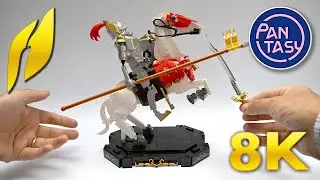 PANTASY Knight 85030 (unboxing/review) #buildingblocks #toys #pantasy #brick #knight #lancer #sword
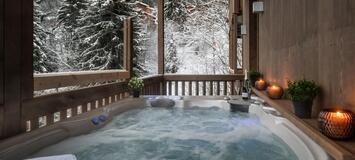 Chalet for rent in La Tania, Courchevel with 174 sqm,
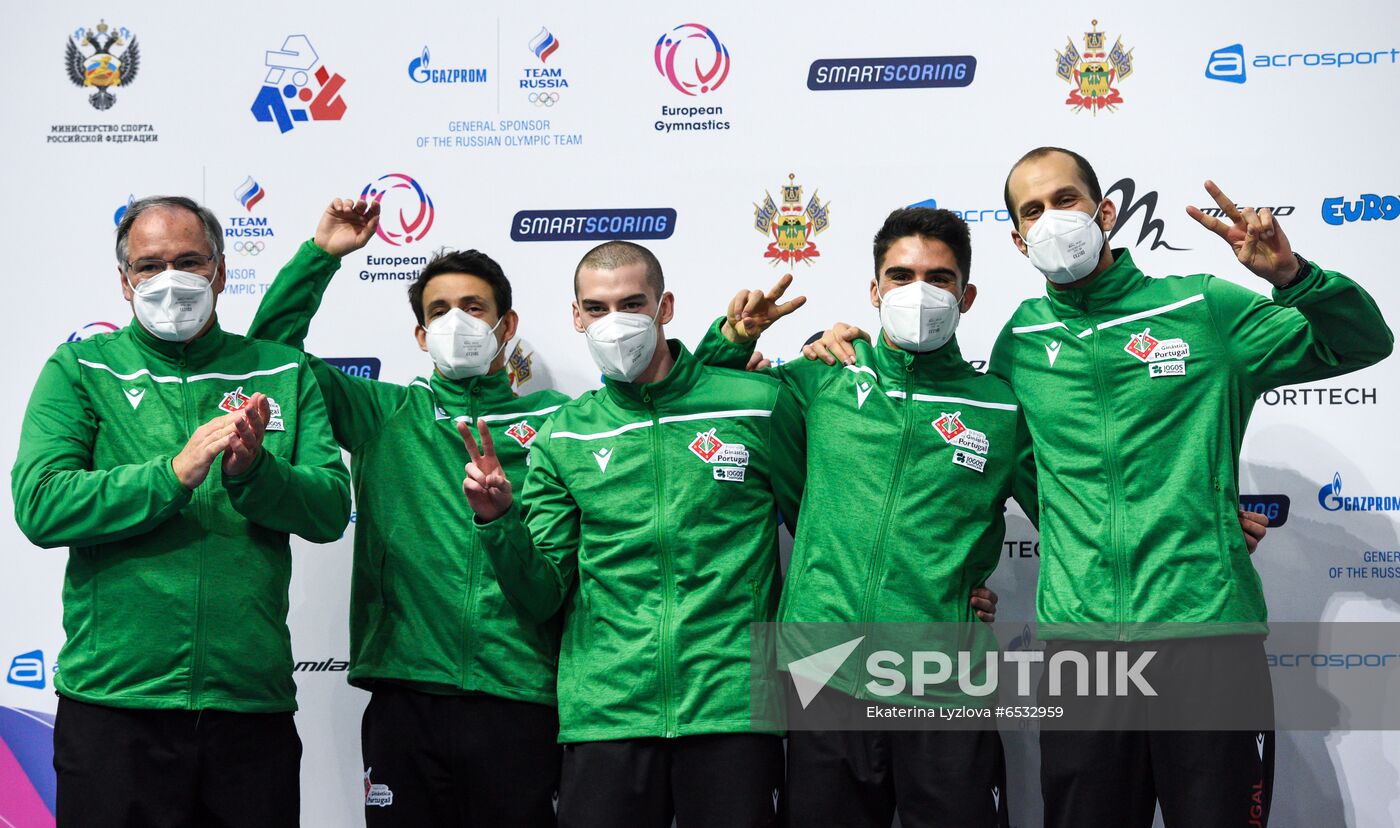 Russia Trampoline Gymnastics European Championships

* Assignment *
The result should be every line of the data, reproduced exactly, with the images removed.

* Response area *
 PANTASY Knight 85030 (unboxing/review) #buildingblocks #toys #pantasy #brick #knight #lancer #sword
 Chalet for rent in La Tania, Courchevel with 174 sqm,
 Russia Trampoline Gymnastics European Championships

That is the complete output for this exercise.